Part of this exercise will be to write a report about the experience. Seriously, a freaking report. I’m aware of how nerdy this sounds.
But I want to summarize any challenges, how I felt in general, ups and downs, interests I was able to pursue, or interests I didn’t pursue along with accompanying excuses. In particular I’m very curious to know how I feel the Sunday before returning to work.
Because normally on Sundays I feel a sense of dread and foreboding. Like there’s a cloud of shit hanging over me, just waiting to start raining all sorts of evacuated human products down on my head. Because that’s what work generally feels like, so the anticipation of it is extremely unpleasant.
If I’m eager to get back to it — well, maybe I’m not ready for FI. But if I dread it like hell — if I’m instead dreaming of having the next 3000 weeks without work — then the experiment has gone well and I’ll consider myself to be mentally ready.
4.29.2014 Update: This goal has been completed.
See the Three Weeks Off series of posts:
0 – Prelude
1 – Getting Into It
2 – Close to Over
3 – Wrap Up
Gap #3) Partner readiness
My SO is not completely on-board with all of this. I’d say she’s about 80% there. She has a high-earning job — along with all of the accompanying stress — and she saves a high percentage of her earnings. And she doesn’t spend a lot of money. Never goes shopping for pleasure. Doesn’t take expensive vacations. Doesn’t insist on high cost renovations for our home or fancy cars. She also has a very similar net worth to me.
However, she has trouble envisioning a life without work.

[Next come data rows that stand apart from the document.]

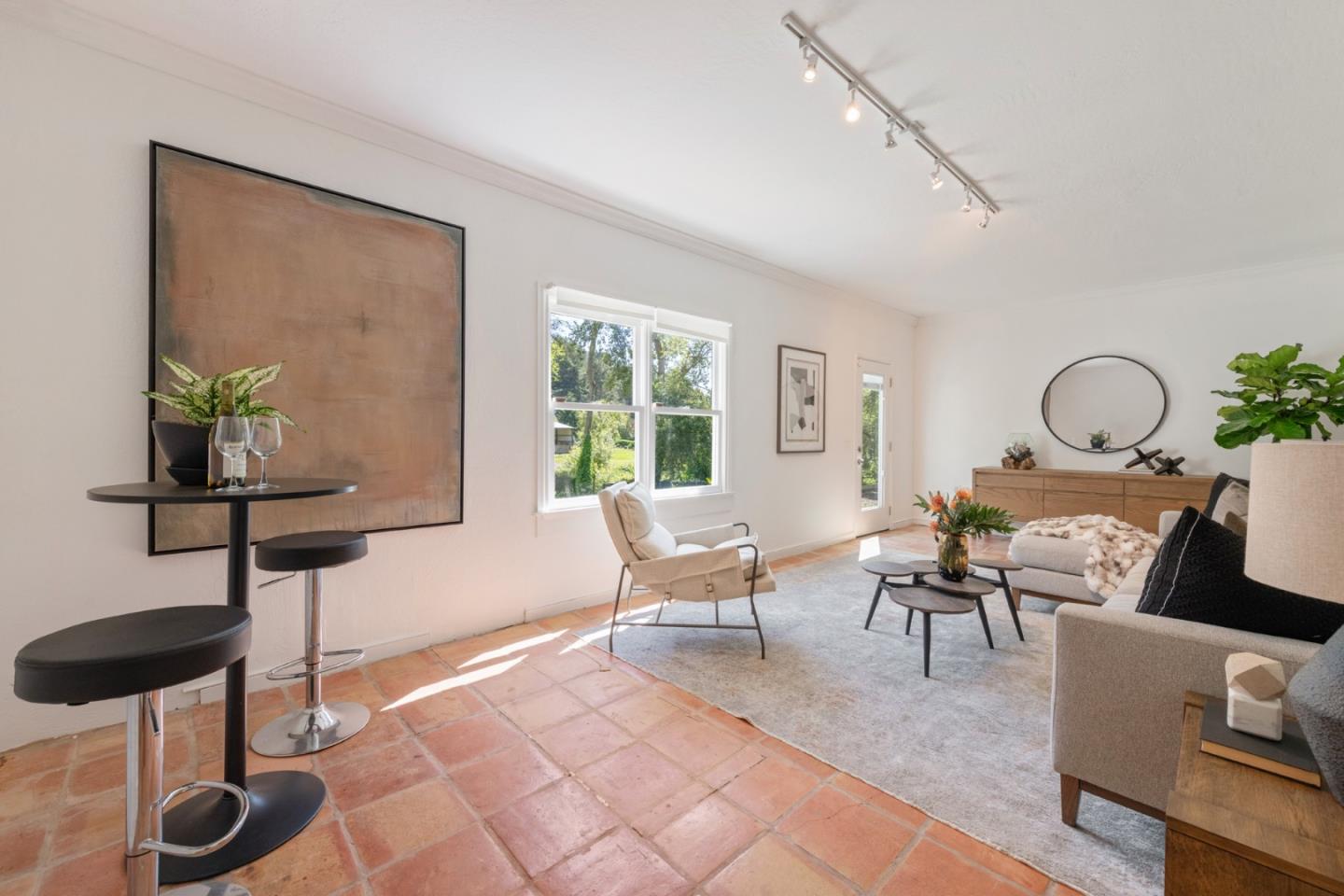 Detail Gallery Image 43 of 85 For 2570 Purisima Creek Rd, Half Moon Bay,  CA 94019 - 4 Beds | 3 Baths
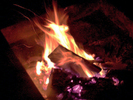photo thumbnail #5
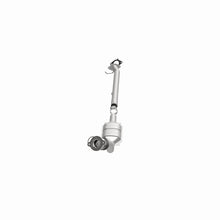 Load image into Gallery viewer, MagnaFlow Direct Fit Catalytic Converter 02-03 Buick Rendezvous 3.4L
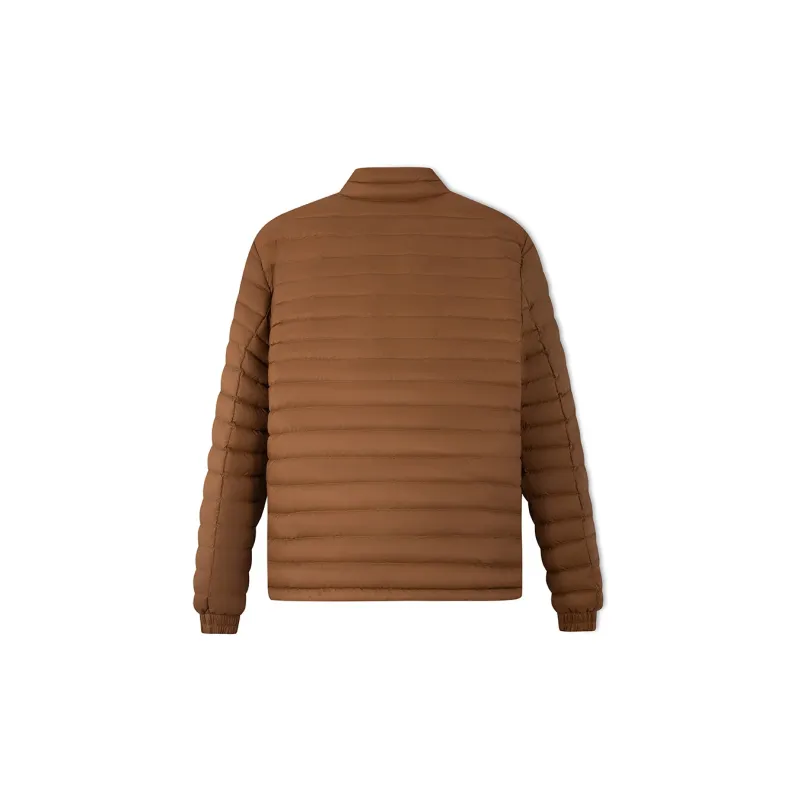 Tommy Hilfiger Down Jacket Coat Men's-3
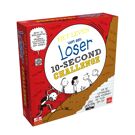 Het Leven van een Loser 10 Second Challenge product image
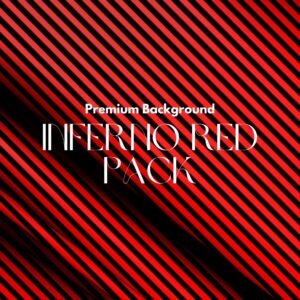 Inferno Red
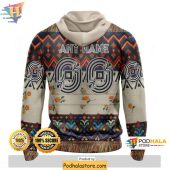 Customizable New Jersey Devils 3d Hoodie Native Design For Nhl Fans 2.jpg - demo10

She’s gone so far as to say that she can’t imagine a life without it. We’ve had the talk and she knows damned well that I can’t continue working in my industry much longer.
So it’s possible that she’ll continue to work while I’m retired. But we need to continue the discussions to ensure that she’s completely on-board with the changes that are in store for us.
At the end of 2014, the gaps should be filled in, and with any luck, I’ll be waltzing my way into my manager’s office to give my notice.
Because once those holes have disappeared, there’s simply no longer any reason to work in the formal model. It’ll be time to move on to the next phase.